Friday, July 20, 2007
I Love* You
Give me your unconditional love
the kind of love I deserve
the kind I want to return
That's the chorus of the Donna Summer song Unconditional Love. It's one of the things that next to respecting our constitutional rights, a desire to be loved by someone and having loyal friends in our lives that have our backs no matter what is one of the things at the top of our request list when it comes to our families.
Unconditional love. Sounds like a simple, straightforward, logical concept, right?
Not when you have a gender identity issues and you come out to your family about it.
It's irritating to see family members that are chronically unemployed, go to prison or have drug problems get more support than a transgender person who's clean and sober, successful in their careers and never seen the inside of a jail.
If there's anything that a transperson needs most, it's the support of their family when they're trying to negotiate the drama of dealing with a gender identity issue.
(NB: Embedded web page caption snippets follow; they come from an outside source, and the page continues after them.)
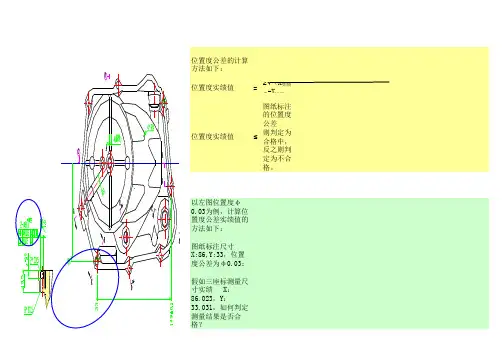 位置度公差实绩值计算方法 工作表20140108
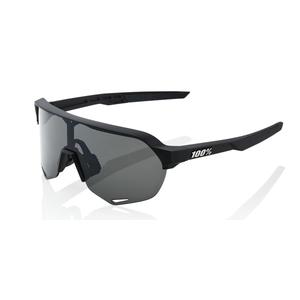 Zonnebril 100% - USA S2 zwart met rookglas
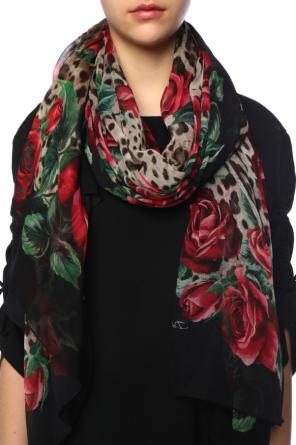 Patterned scarf, zdjęcie 2 Patterned scarf od Dolce & Gabbana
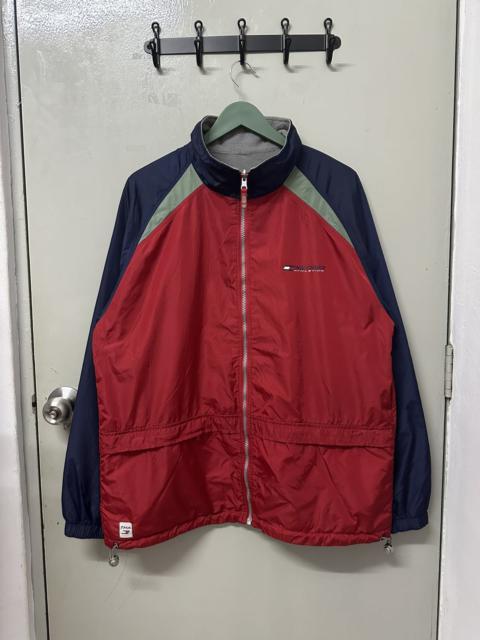 Other Designers Vintage HILFIGER ATHLETICS Reversible Raglan Zipper Jacket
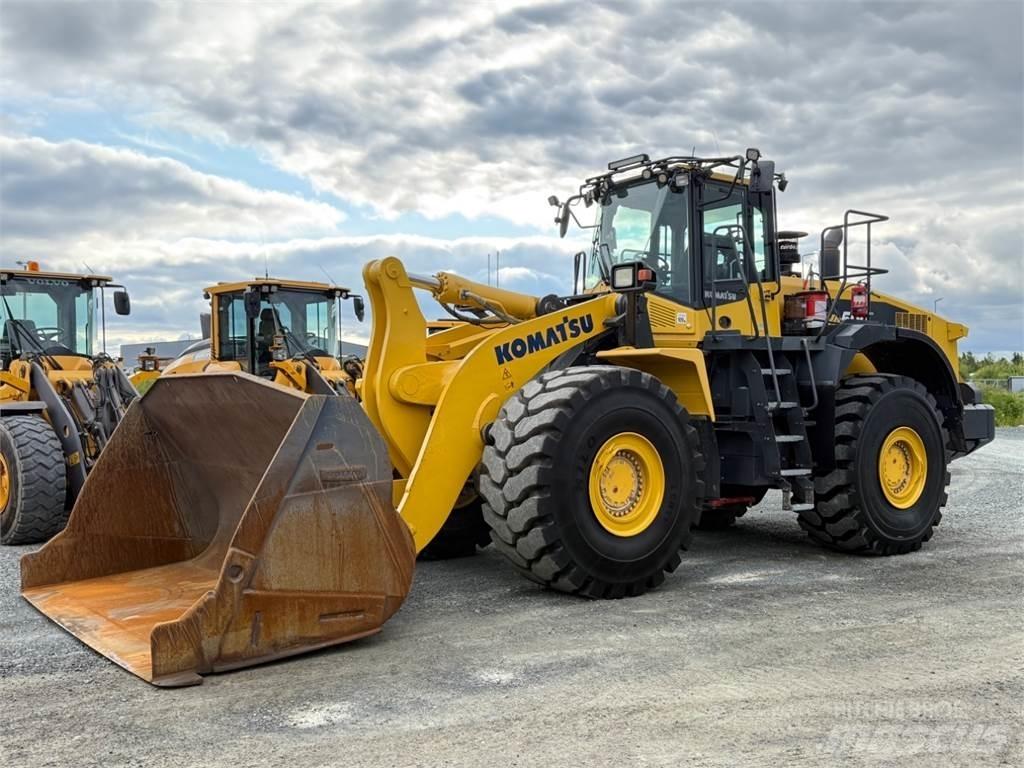 Komatsu WA500-7 Gumikerekes homlokrakodók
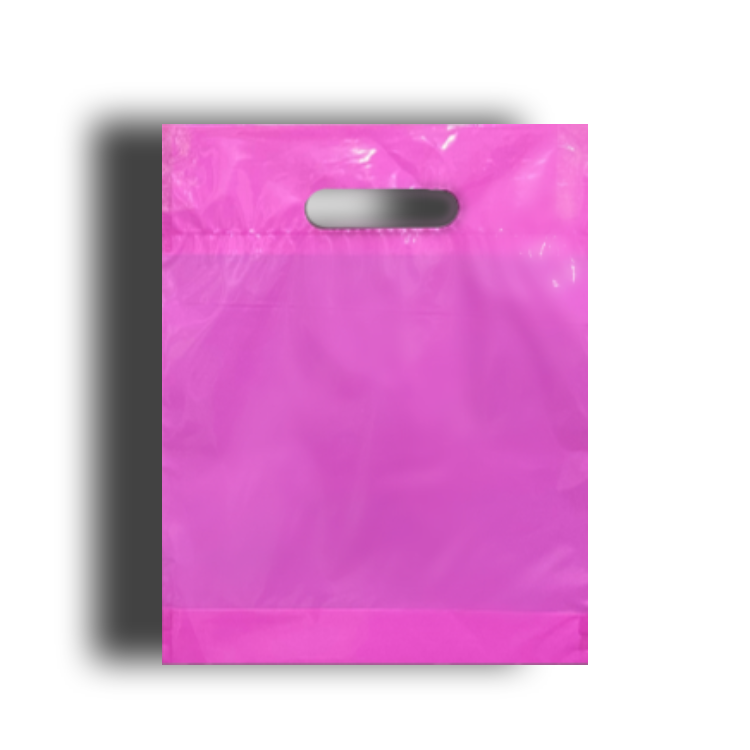 Fuchsia Pink Carrier Bags 250mm x 300mm + 75mm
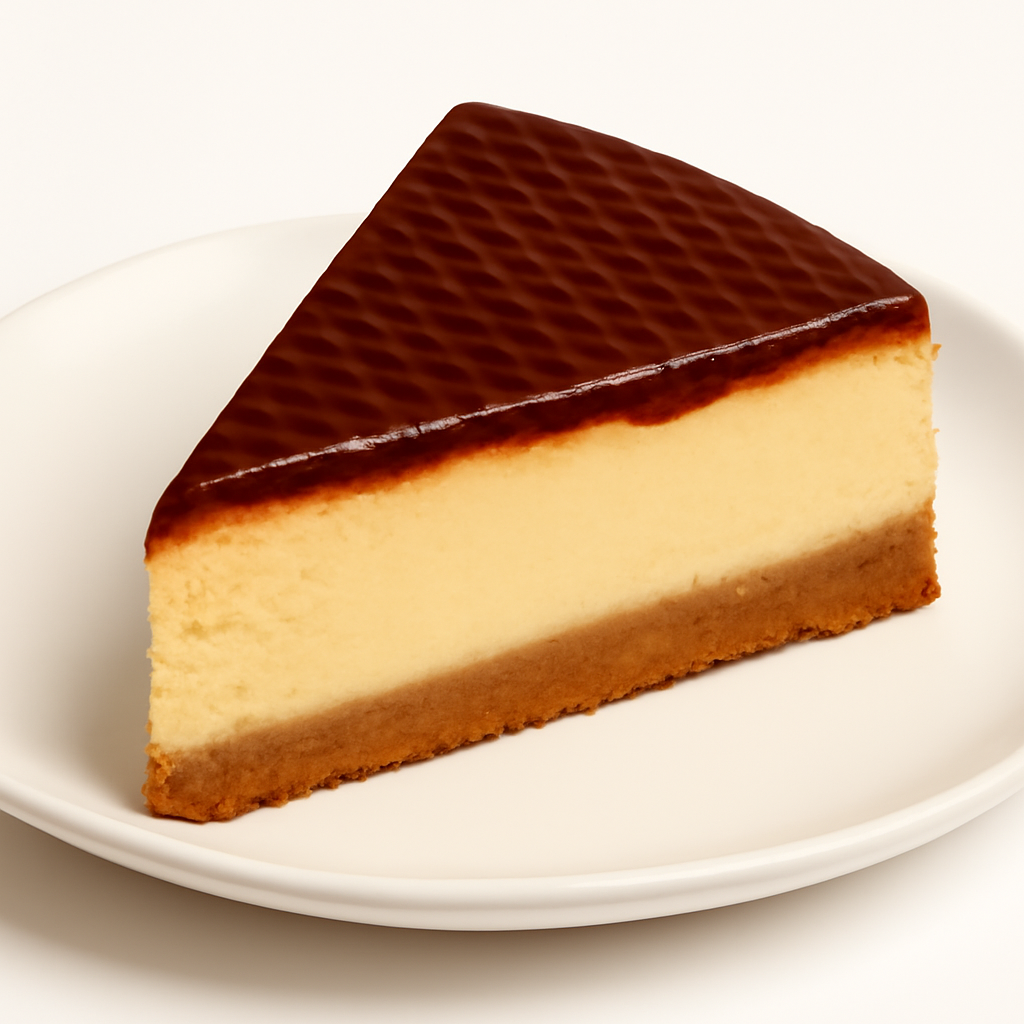 Nutella Cheesecake Slice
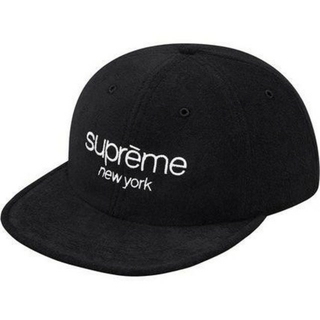 supreme クラシックロゴ　キャップ　黒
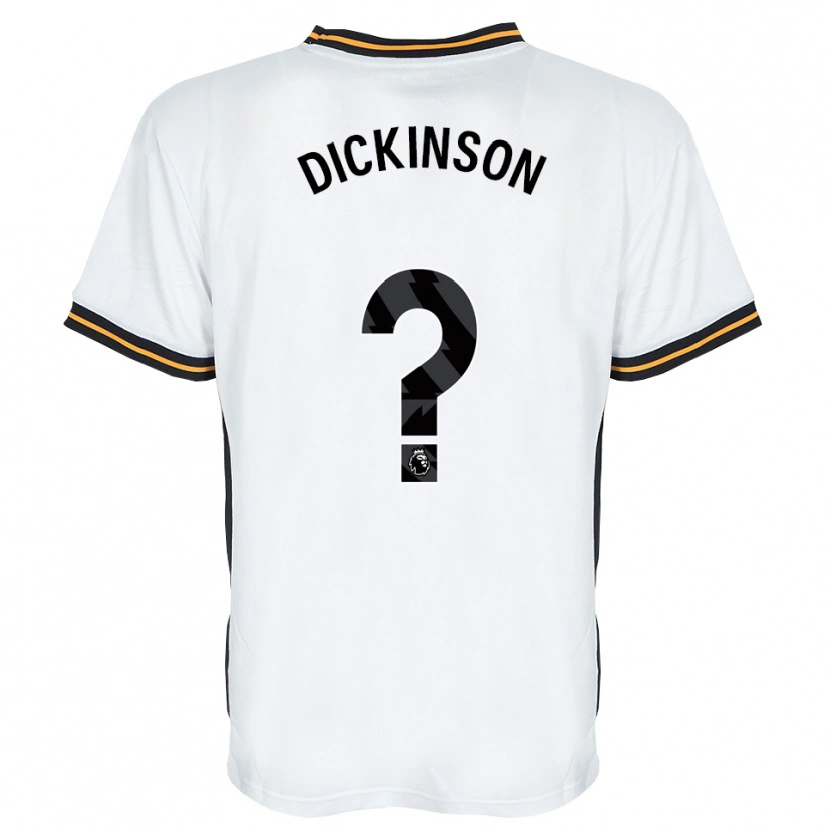 Danxen Criança Camisola George Dickinson #0 Branco Laranja Preto Alternativa 2026/27 Camisa Brasil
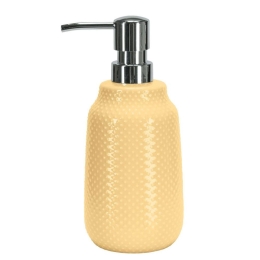 Δοχείο Κρεμοσάπουνου Dotty 8x20cm Yellow Kleine Wolke Πηλός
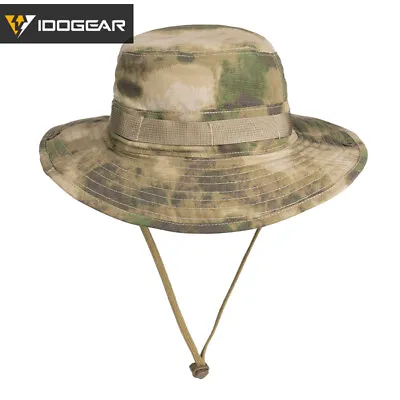 IDOGEAR Tactical Boonie Hat Fishing Hat Hiking Hat Camo Adjustable MOLLE Airsoft • $16.03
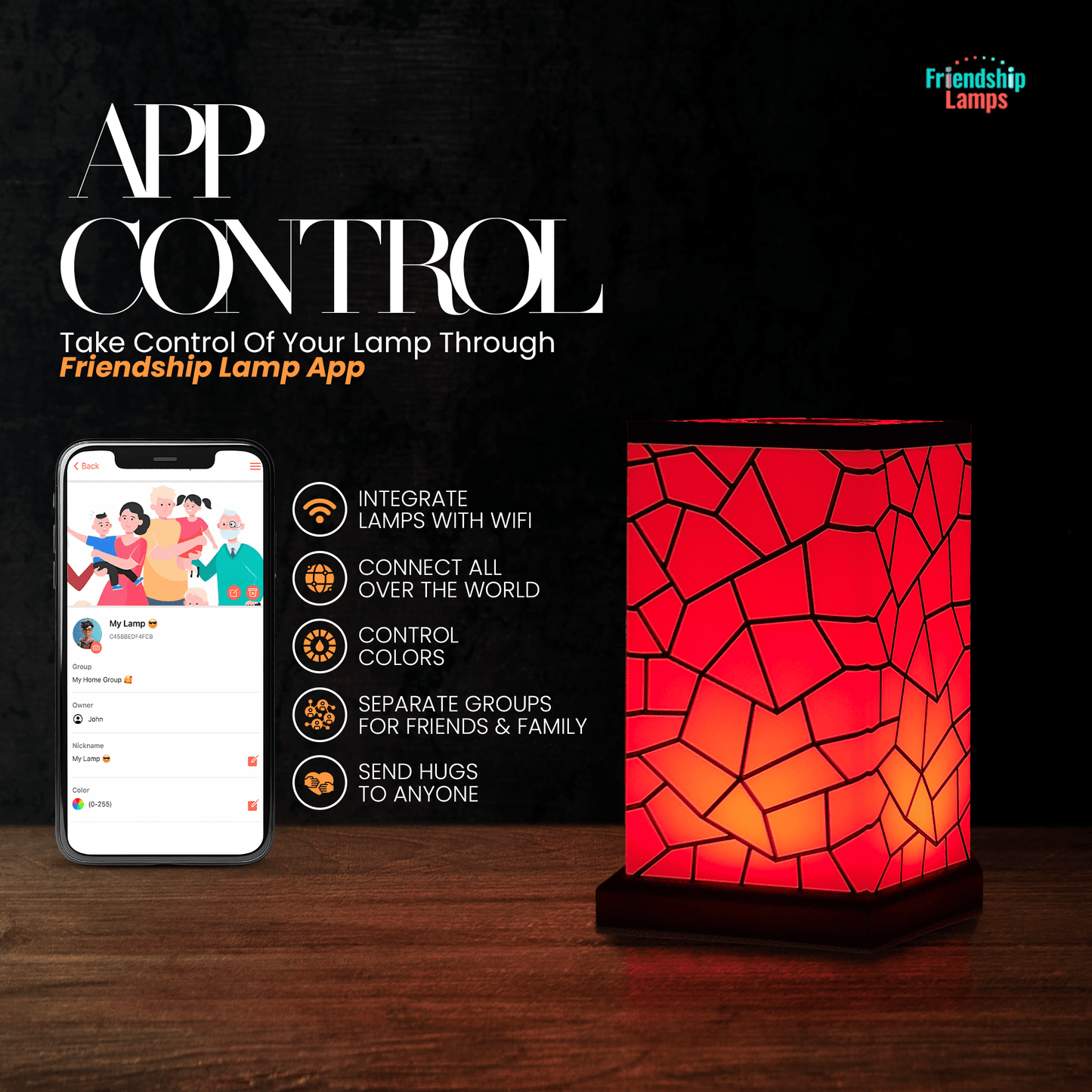 Classic Design Friendship Lamps EU Plug - Friendship Lamps | Powered by Filimin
If you're reading this and you're the lucky transperson that has the unconditional love and support of your family, congratulations. I ain't mad at ya.
Just remember to say prayers of thanks to God every night from now until the time you pass away for the situation you find yourself in. Some of your fellow transpeeps aren't so lucky. If they aren't rejected out of hand, then the situation that is just as bad is the support and love with conditions attached to it.
You may have parents who continue to call you by the wrong pronoun or the old male name despite the fact you've been transitioned for a decade or more. You find out about family reunions AFTER they've taken place or too late for you to rearrange the work schedule to attend. You may have situations where you're sent an invite to a wedding, but a few days before the event your relatives call you up and request that you don't wear a dress or heels to the event or insultingly ask you if it's possible for you to 'dress like a man'.
The ones that are really irritating are the relatives that say they support you, but start imposing their religious beliefs on you or are bold enough to tell you to your face that you'll never be a woman in their eyes.
If that sounds like you, stop it. Unconditional love means just what it says.
We need the validation of having our blood relatives acknowledge the person we've evolved into now, not the kid they remember ten to twenty years ago.
We transpeeps need that connection, that feeling of belonging, that desire to be recognized as a valued respected member of the family in our new gender role. It's something we need to help fortify our self-esteem. It's comforting to know that as we go out and deal with the slings and arrows hurled at us from a not too sympathetic and sometimes hostile world, our families love us unconditionally.
We transpeeps need to believe that come hell or high water our families be they our nuclear or extended ones, have our backs and are not finding excuses to place knives in our backs.